[Records contained in a dataset]
---

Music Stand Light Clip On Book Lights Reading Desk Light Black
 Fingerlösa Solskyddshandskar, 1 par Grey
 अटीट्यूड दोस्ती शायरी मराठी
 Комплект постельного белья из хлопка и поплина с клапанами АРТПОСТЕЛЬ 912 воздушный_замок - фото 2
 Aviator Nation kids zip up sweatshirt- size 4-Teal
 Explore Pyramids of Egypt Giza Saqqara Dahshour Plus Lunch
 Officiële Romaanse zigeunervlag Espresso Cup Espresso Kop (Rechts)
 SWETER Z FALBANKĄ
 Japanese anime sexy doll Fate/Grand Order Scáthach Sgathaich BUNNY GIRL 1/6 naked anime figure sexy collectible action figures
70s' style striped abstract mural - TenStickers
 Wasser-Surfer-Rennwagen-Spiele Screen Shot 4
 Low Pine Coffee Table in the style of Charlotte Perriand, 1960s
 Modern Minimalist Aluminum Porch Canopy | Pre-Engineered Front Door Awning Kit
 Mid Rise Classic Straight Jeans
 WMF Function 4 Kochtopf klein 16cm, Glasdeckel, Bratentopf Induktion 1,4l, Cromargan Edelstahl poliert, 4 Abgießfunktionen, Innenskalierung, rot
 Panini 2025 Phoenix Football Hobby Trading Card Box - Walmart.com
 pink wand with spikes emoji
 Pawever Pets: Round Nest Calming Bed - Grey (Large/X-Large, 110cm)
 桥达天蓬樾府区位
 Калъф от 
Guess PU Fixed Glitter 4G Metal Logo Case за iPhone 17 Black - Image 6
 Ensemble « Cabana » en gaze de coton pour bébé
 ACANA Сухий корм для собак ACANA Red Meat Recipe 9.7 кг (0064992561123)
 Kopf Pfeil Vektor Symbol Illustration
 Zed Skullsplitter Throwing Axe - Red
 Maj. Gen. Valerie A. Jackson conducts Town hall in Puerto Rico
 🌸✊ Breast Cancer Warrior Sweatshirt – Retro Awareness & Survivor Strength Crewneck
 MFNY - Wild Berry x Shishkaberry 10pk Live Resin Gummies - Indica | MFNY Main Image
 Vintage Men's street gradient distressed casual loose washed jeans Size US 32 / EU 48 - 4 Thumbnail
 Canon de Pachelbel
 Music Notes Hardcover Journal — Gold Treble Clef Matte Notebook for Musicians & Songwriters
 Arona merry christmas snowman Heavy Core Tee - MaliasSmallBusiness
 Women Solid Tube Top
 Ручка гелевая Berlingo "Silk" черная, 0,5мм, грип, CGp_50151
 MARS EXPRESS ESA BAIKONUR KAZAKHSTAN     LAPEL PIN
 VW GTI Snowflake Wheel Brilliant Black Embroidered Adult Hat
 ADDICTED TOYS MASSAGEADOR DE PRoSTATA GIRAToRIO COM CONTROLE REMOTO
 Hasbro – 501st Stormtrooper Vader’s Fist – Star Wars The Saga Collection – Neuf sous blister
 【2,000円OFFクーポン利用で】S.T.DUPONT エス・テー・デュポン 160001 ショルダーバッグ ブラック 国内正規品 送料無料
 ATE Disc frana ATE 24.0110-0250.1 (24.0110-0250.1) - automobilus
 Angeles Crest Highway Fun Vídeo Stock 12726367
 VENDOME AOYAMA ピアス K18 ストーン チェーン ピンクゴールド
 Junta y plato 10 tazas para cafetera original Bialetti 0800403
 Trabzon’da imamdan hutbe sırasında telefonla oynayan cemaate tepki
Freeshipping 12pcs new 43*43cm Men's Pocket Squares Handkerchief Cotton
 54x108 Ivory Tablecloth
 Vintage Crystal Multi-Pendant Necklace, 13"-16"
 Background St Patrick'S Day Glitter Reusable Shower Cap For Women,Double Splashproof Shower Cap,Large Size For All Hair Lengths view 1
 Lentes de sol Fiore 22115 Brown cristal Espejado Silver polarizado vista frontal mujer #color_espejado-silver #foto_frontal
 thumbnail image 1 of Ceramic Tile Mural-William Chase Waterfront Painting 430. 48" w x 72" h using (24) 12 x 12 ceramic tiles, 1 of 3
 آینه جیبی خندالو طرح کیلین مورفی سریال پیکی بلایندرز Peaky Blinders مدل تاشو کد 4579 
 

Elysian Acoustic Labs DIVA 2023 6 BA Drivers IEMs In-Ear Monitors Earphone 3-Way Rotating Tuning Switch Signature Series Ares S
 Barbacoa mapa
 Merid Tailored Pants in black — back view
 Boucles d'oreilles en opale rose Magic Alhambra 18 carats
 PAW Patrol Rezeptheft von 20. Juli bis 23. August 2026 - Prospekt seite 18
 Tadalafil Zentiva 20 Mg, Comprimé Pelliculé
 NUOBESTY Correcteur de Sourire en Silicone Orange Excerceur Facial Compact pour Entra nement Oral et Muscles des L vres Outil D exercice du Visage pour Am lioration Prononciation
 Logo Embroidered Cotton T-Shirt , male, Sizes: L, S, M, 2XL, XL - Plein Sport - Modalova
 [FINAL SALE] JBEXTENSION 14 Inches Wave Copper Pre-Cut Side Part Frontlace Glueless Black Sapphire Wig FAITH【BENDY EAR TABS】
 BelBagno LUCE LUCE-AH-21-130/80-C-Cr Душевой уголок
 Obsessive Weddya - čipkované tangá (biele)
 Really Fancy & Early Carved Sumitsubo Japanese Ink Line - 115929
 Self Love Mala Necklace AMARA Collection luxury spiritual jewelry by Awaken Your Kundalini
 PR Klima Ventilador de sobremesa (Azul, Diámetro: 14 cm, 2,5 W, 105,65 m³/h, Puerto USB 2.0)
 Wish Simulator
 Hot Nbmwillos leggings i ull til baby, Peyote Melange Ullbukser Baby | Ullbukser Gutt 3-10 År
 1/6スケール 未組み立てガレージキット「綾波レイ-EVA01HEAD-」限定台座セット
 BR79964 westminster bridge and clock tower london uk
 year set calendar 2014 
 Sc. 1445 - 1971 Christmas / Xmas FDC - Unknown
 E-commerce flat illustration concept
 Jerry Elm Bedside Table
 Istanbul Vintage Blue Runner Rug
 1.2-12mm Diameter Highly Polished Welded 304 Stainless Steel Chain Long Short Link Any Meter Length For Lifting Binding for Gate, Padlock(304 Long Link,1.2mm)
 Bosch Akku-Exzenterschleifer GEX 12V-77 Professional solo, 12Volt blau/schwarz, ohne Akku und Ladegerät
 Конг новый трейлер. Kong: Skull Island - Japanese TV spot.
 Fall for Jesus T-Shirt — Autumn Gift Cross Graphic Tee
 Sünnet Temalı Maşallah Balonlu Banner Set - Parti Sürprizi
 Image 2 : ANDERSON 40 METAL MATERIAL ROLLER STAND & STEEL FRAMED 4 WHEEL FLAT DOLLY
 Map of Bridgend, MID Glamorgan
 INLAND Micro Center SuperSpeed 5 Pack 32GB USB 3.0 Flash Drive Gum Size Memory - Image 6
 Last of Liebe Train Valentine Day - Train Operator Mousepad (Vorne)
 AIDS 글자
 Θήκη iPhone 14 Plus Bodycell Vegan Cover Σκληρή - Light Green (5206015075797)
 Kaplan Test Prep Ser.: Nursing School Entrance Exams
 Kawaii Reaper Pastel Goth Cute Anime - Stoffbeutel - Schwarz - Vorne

---

Exercise description: Repeat verbatim the opening run of entries, ending with the line that contains "WMF Function 4".

Reply to the task:
Music Stand Light Clip On Book Lights Reading Desk Light Black
 Fingerlösa Solskyddshandskar, 1 par Grey
 अटीट्यूड दोस्ती शायरी मराठी
 Комплект постельного белья из хлопка и поплина с клапанами АРТПОСТЕЛЬ 912 воздушный_замок - фото 2
 Aviator Nation kids zip up sweatshirt- size 4-Teal
 Explore Pyramids of Egypt Giza Saqqara Dahshour Plus Lunch
 Officiële Romaanse zigeunervlag Espresso Cup Espresso Kop (Rechts)
 SWETER Z FALBANKĄ
 Japanese anime sexy doll Fate/Grand Order Scáthach Sgathaich BUNNY GIRL 1/6 naked anime figure sexy collectible action figures
70s' style striped abstract mural - TenStickers
 Wasser-Surfer-Rennwagen-Spiele Screen Shot 4
 Low Pine Coffee Table in the style of Charlotte Perriand, 1960s
 Modern Minimalist Aluminum Porch Canopy | Pre-Engineered Front Door Awning Kit
 Mid Rise Classic Straight Jeans
 WMF Function 4 Kochtopf klein 16cm, Glasdeckel, Bratentopf Induktion 1,4l, Cromargan Edelstahl poliert, 4 Abgießfunktionen, Innenskalierung, rot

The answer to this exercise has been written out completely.